Resonon isn’t a closed world — it speaks MIDI, so it can drive a hardware synth, sequence a DAW, or take notes and knob-turns from a controller. In this chapter you’ll connect an output port, send a pattern to it, read a controller, and map a knob to a parameter with MIDI learn.

First, see what’s out there. midi_ports() returns the output ports your system exposes; midi_connect opens one:

let ports = midi_ports();
PRINT ports; // ["IAC Driver Bus 1", "Prophet Rev2", ...]
midi_connect("IAC Driver Bus 1");

On macOS the IAC Driver is the usual way to pipe MIDI into a DAW — enable it in Audio MIDI Setup → MIDI Studio.

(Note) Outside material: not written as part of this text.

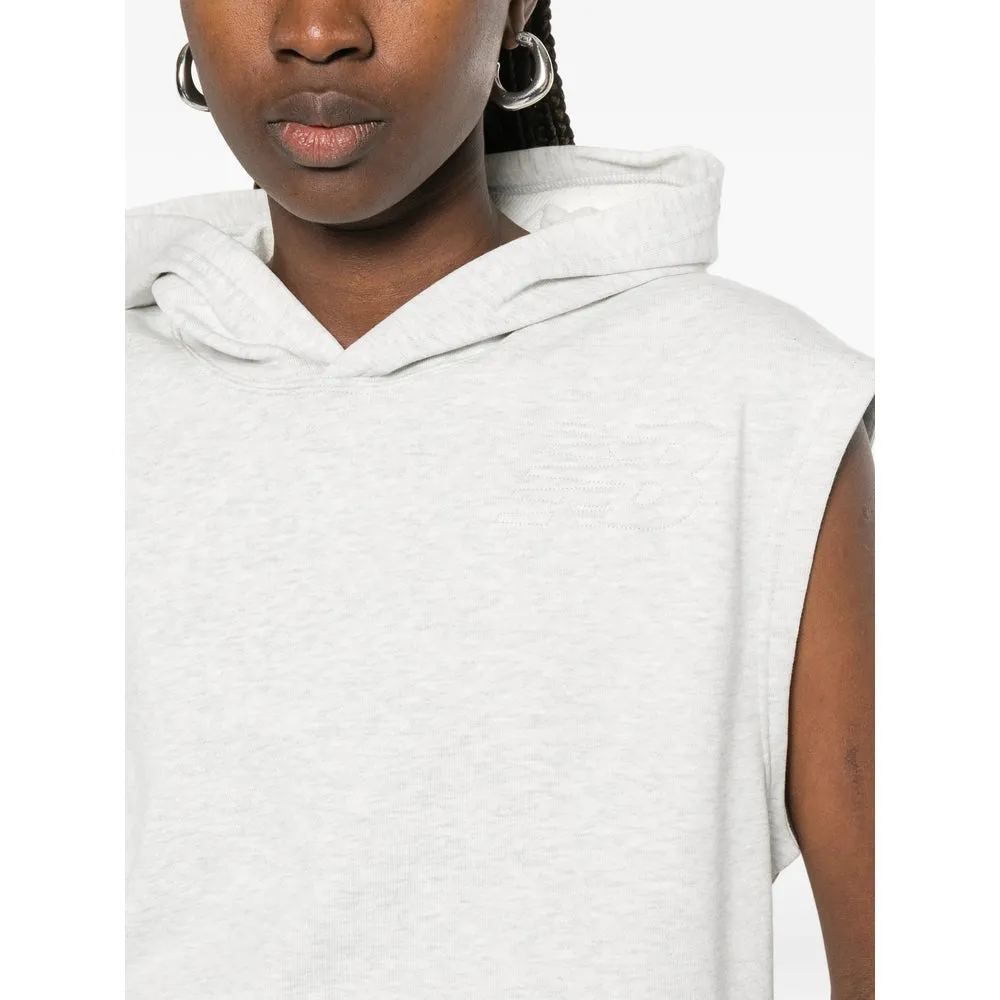 Sweatshirt Sleeveless Hooded Grey sold by Lord & Taylor product image thumbnail 3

On Windows, a tool like loopMIDI gives you the same kind of virtual port.

A MidiTrack is the MIDI counterpart to the AudioTrack you’ve been using — but instead of feeding an instrument, its notes go out the port on a chosen channel. Send it a pattern with <<, exactly like an audio track:

midi_connect("IAC Driver Bus 1");
let melody = MidiTrack(1); // channel 1
melody << [C4 E4 G4 E4];
PLAY;

Point a software or hardware instrument at channel 1 and you’ll hear your pattern. Everything you know about patterns — chords, rests, Euclidean rhythms — works unchanged; only the destination is different.

Give each connection an alias and you can fan tracks out to different ports and channels — your DAW on one, a hardware synth on another:

midi_connect("IAC Driver Bus 1", "daw");
midi_connect("Prophet Rev2", "synth");
let drums = MidiTrack(10, 110, "daw"); // to the DAW, channel 10, velocity 110
let bass = MidiTrack(1, 90, "synth"); // to hardware, channel 1
let pad = MidiTrack(3, 80, "synth"); // to hardware, channel 3
drums << [bd _ sd _, ch ch ch ch];
bass << [C2 _ C2 G2];
pad << [C4, E4, G4];
PLAY;

MidiTrack(channel, velocity, alias) — the velocity and alias are optional and default to 100 and "default". Re-route a track at any time with .output:

bass.output("daw", 1); // move bass onto the DAW, channel 1

When you lose track of what’s going where, midi_routing() prints the whole picture — every output, input, track route, and the clock state.

Input mirrors output. midi_input_ports() lists controllers; midi_input_connect opens one under an alias:

let in_ports = midi_input_ports();
PRINT in_ports; // ["Arturia KeyStep 37", ...]
midi_input_connect("KeyStep", "kb");

Route that input into a track with .input, and choose how it monitors — whether incoming notes pass straight through to the output:

midi_input_connect("KeyStep", "kb");
midi_connect("IAC Driver Bus 1", "daw");
let keys = MidiTrack(1, 100)
.input("kb")
.monitor("in")
.output("daw");
PLAY;

Now the KeyStep plays through Resonon and out to your DAW. The monitor modes:

ModeBehavior
"off"No pass-through (the default)
"in"Always pass input straight to output
"auto"Pass through only while no pattern is playing on the track

You can narrow input down to one channel, or open it up to everything:

let bass = MidiTrack(2, 100).input("kb", 1); // only channel 1 from "kb"
let omni = MidiTrack(3, 80).input("all"); // every port, every channel

Controller knobs and faders send CC (control-change) messages, and Resonon hands them to you as signals — the same signals you can route into any parameter. Cc(n) reads CC n from any channel; Cc(channel, n) pins it to one channel (channels are 015):

let cutoff = Cc(74); // CC 74, any channel
let mod_wheel = Cc(0, 1); // CC 1 on channel 0

A CC arrives normalized to 0.01.0. Shape it and send it into a parameter with <<, just like an LFO:

use "std/effects" { Lowpass, Delay };
let filter = Lowpass(2000);
let delay = Delay(0.25, 0.5);
drums.load_effect(filter);
drums.load_effect(delay);
filter.param("Cutoff") << Cc(74).smooth(50).range_exp(200, 8000);
delay.param("Feedback") << Cc(71).smooth(30).range(0.1, 0.6);

.smooth(ms) irons out the zipper noise of stepped 7-bit values, and .range / .range_exp map the 01 signal onto a useful span — reach for range_exp on anything frequency-like, where your ear hears ratios rather than steps.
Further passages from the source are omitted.